◆ EXERCISE GOAL: With pictures excluded, copy word for word the lines in the data below from the line containing "陈文才医生吸脂手术怎么样?医生技术测评,面吸6800元起插图1 陈文才医生吸脂手术怎么样?医生技术测评,面吸6800元起插图1" through the line containing "Above Beyond Dentistry".

◆ RECORD EXCERPTS:
------------------------------------------------

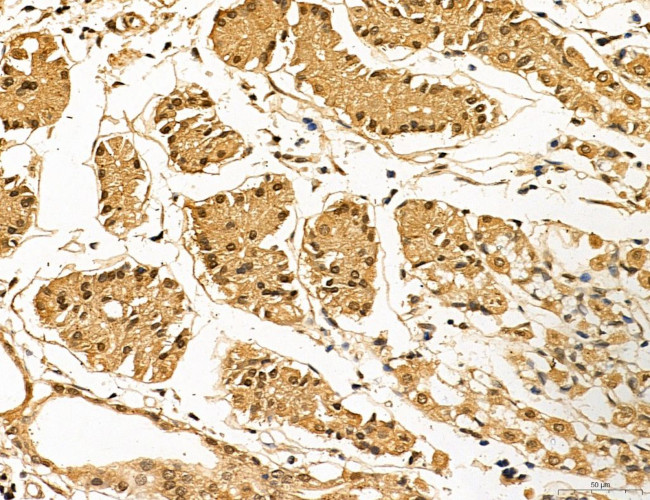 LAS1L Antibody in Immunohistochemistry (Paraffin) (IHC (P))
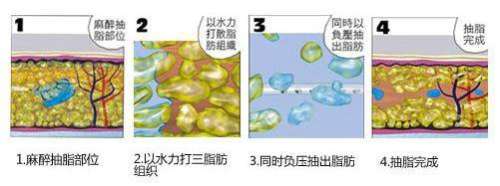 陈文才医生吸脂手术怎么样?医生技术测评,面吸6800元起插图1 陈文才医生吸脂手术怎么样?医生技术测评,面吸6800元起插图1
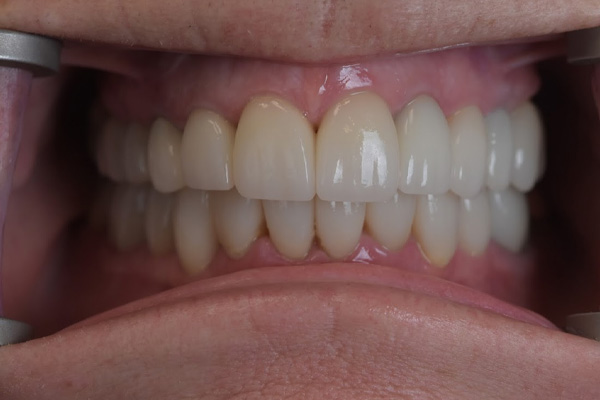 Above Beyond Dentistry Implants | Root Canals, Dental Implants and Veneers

------------------------------------------------

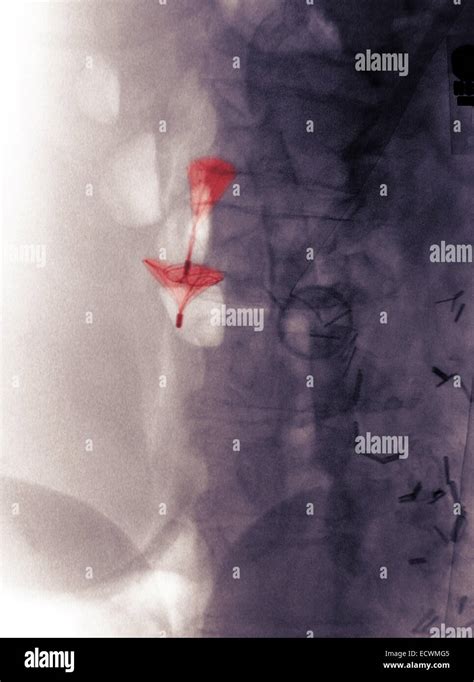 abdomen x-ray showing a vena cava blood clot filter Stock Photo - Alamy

------------------------------------------------

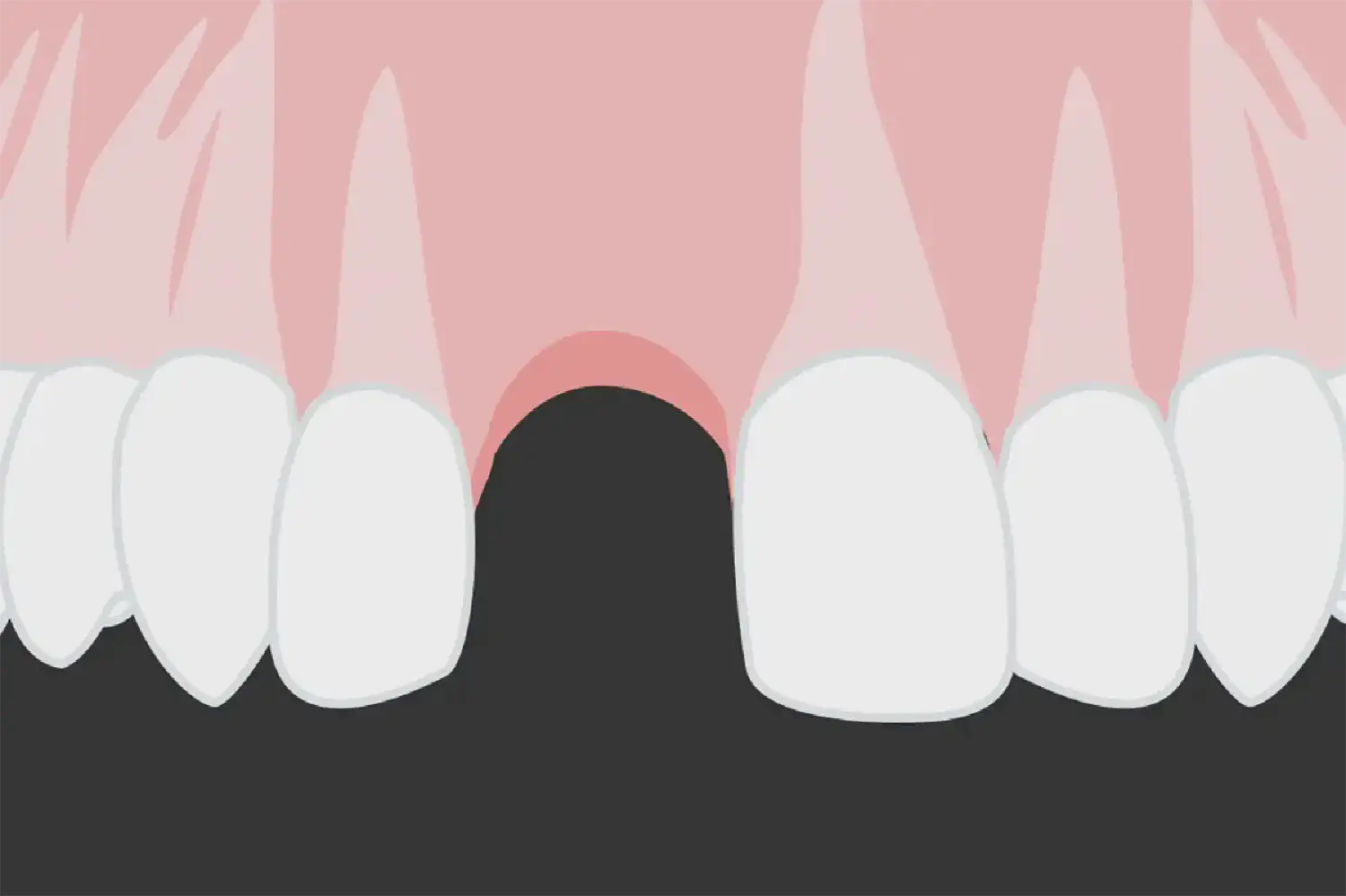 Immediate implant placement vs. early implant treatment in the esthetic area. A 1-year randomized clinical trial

------------------------------------------------

◆ TASK OUTPUT:
 陈文才医生吸脂手术怎么样?医生技术测评,面吸6800元起插图1 陈文才医生吸脂手术怎么样?医生技术测评,面吸6800元起插图1
 Above Beyond Dentistry Implants | Root Canals, Dental Implants and Veneers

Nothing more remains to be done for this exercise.